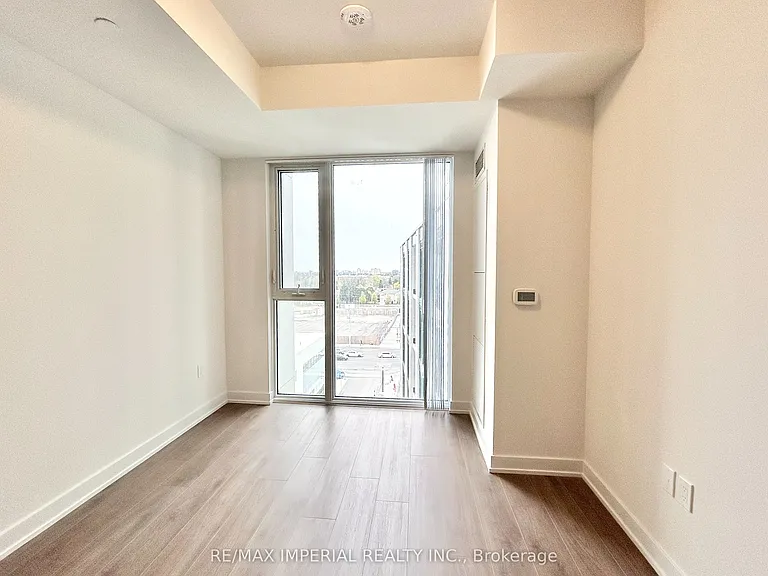 5858 Yonge St #712 — Photo 3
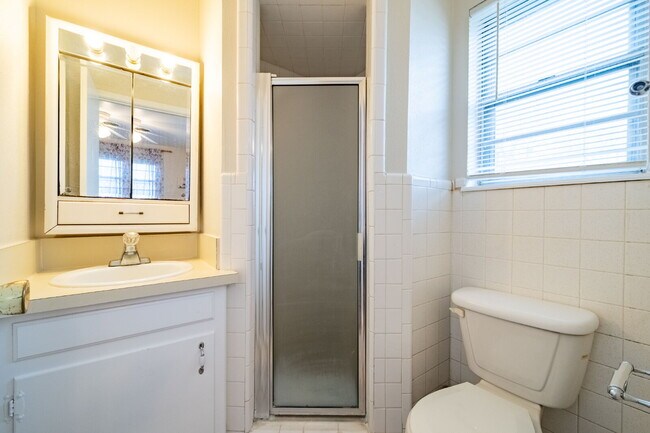 Building Photo - Vintage 3 Bedroom Home w/ Large Backyard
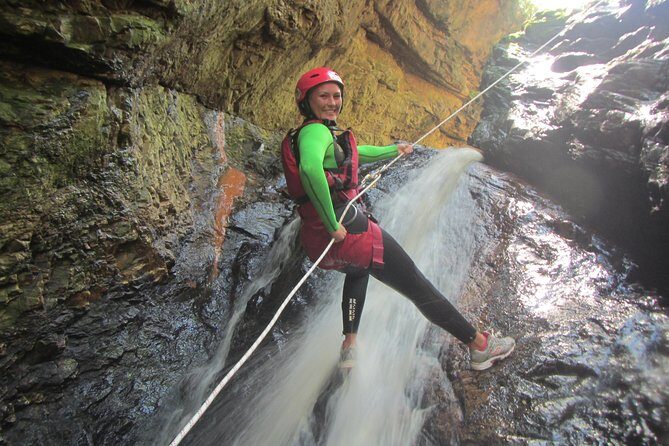 Short Canyoning Trip in The Crags - Key Points
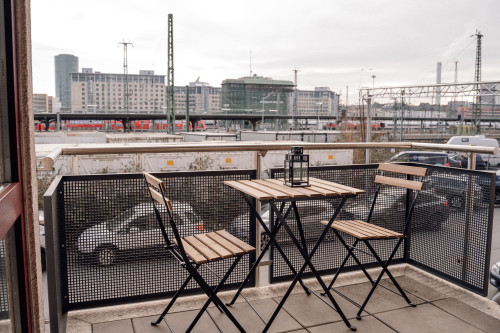 Bright 54 m² 1-bedroom flat with balcony and parking — 5 min to Hauptbahnhof - Gallery - 6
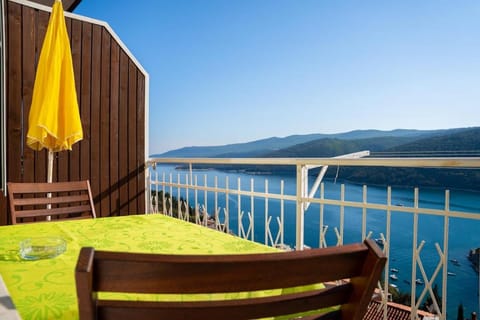 View (from property/room), Mountain view, Sea view
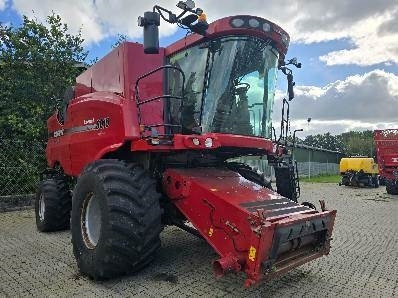 Case IH AXIAL FLOW 8010 - Moissonneuse-batteuse: photos 4 Case IH AXIAL FLOW 8010 - Moissonneuse-batteuse: photos 4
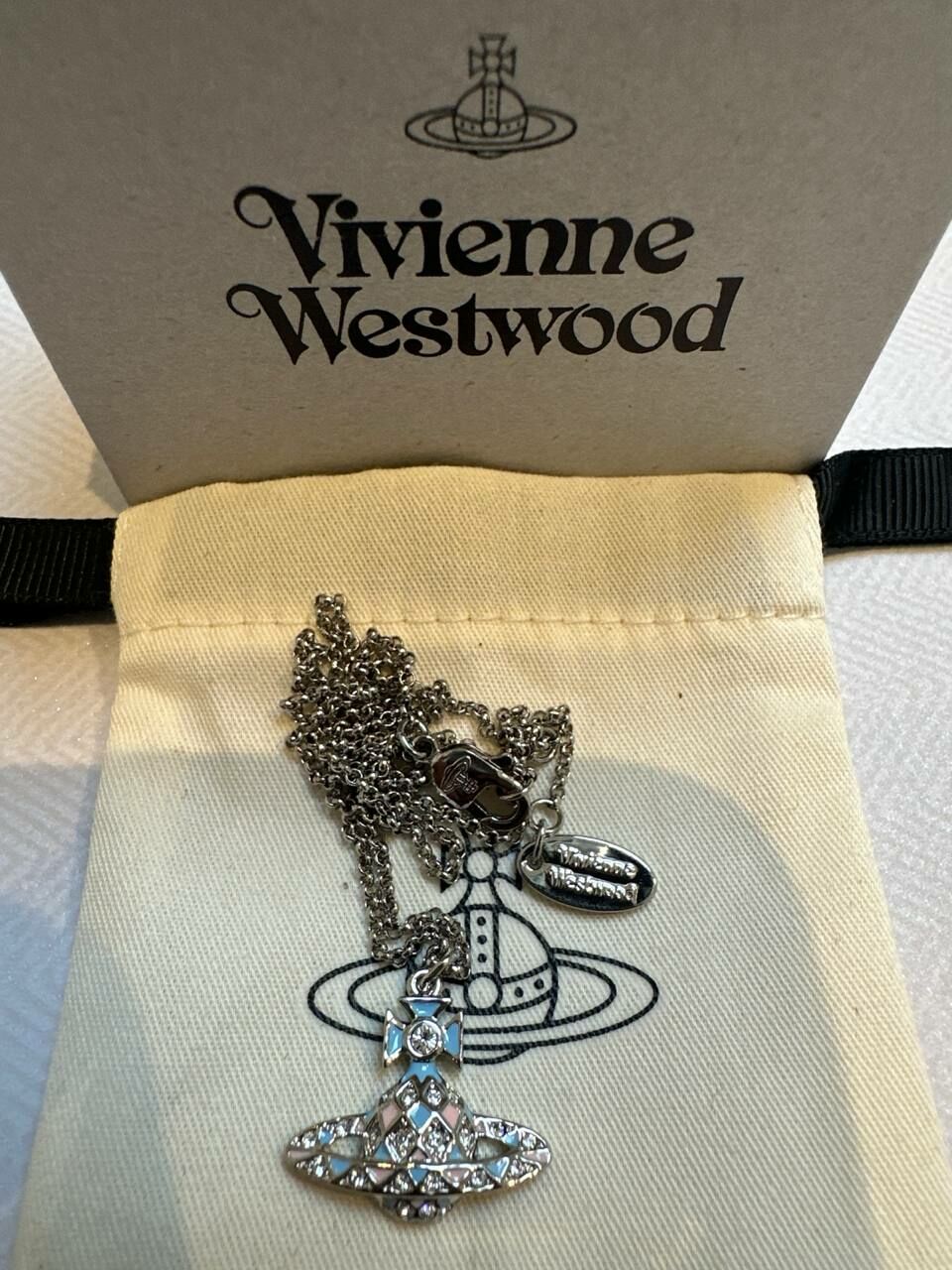[S] VIVIENNE WESTWOOD 63020233-02P258 HARLEQUIN SMALL BAS RELIEF, PLATINUM/PINK,LIGHT BLUE ENAME, 8050889355700 (SVW57)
■ ■ ■ ■ ■
Each line from the first line of the listing through the line with "View (from property/room), Mountain" must be printed exactly, both ends included, and no picture may appear.

 5858 Yonge St #712 — Photo 3
 Building Photo - Vintage 3 Bedroom Home w/ Large Backyard
 Short Canyoning Trip in The Crags - Key Points
 Bright 54 m² 1-bedroom flat with balcony and parking — 5 min to Hauptbahnhof - Gallery - 6
 View (from property/room), Mountain view, Sea view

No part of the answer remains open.